First, this study is primarily based on retrospective data from a single centre, constrained by sample size and regional characteristics, which may affect the generalizability and applicability of the results. Future studies should employ prospective, multicentre, randomized controlled trial designs to validate the robustness and transferability of these findings. These studies should include a broader demographic, patients from different geographical backgrounds, and long-term follow-up results to comprehensively assess the impacts of drainage method choice on postoperative recovery and long-term quality of life.
Second, while J-tubes have shown advantages in some areas, detailed exploration is required regarding the specific applications of T-tube vs J-tube drainage across various clinical scenarios. Future research should focus on the effectiveness and safety of different drainage methods within special patient groups such as patients with high-risk factors like liver cirrhosis and coagulopathy.

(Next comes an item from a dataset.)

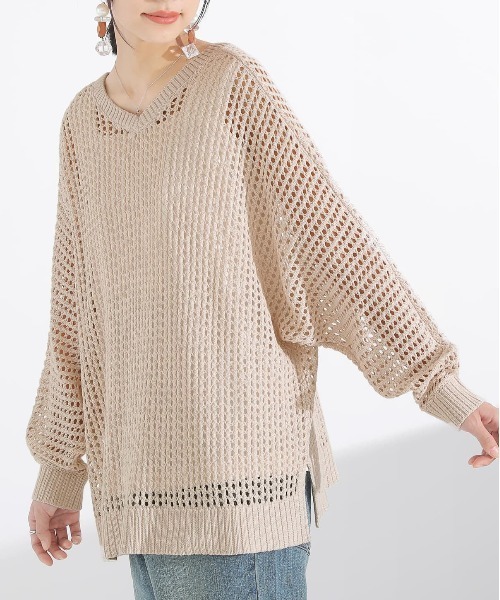 n'OrLABEL（ノアールレーベル）の「【廃盤】『前後2wayメッシュドルマンニット』（ニット/セーター・レディース・オレンジ/ネイビー/ライトグリーン/ナチュラル/ブラック・FREE）」の8枚目の写真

Technical innovation is also an important aspect of future prospects. With advancements in medical imaging technologies and fluorescent dyes, we anticipate the development of a wider variety of dyes and advanced imaging systems to further improve the visualization quality of biliary anatomy during surgery, thereby reducing surgical risks. Addi
Last, the refinement and optimization of J-tube drainage are also focal points for future research. Exploring the impacts of different types of J-tube materials and designs on surgical outcomes, as well as developing new types of drainage tubes that can be more easily degraded within or removed from the body, could further reduce patient discomfort and the risk of complications.
In summary, future research will be multifaceted and interdisciplinary, aiming to advance the quality and safety of biliary surgery treatments through precise technologies and detailed patient analyses.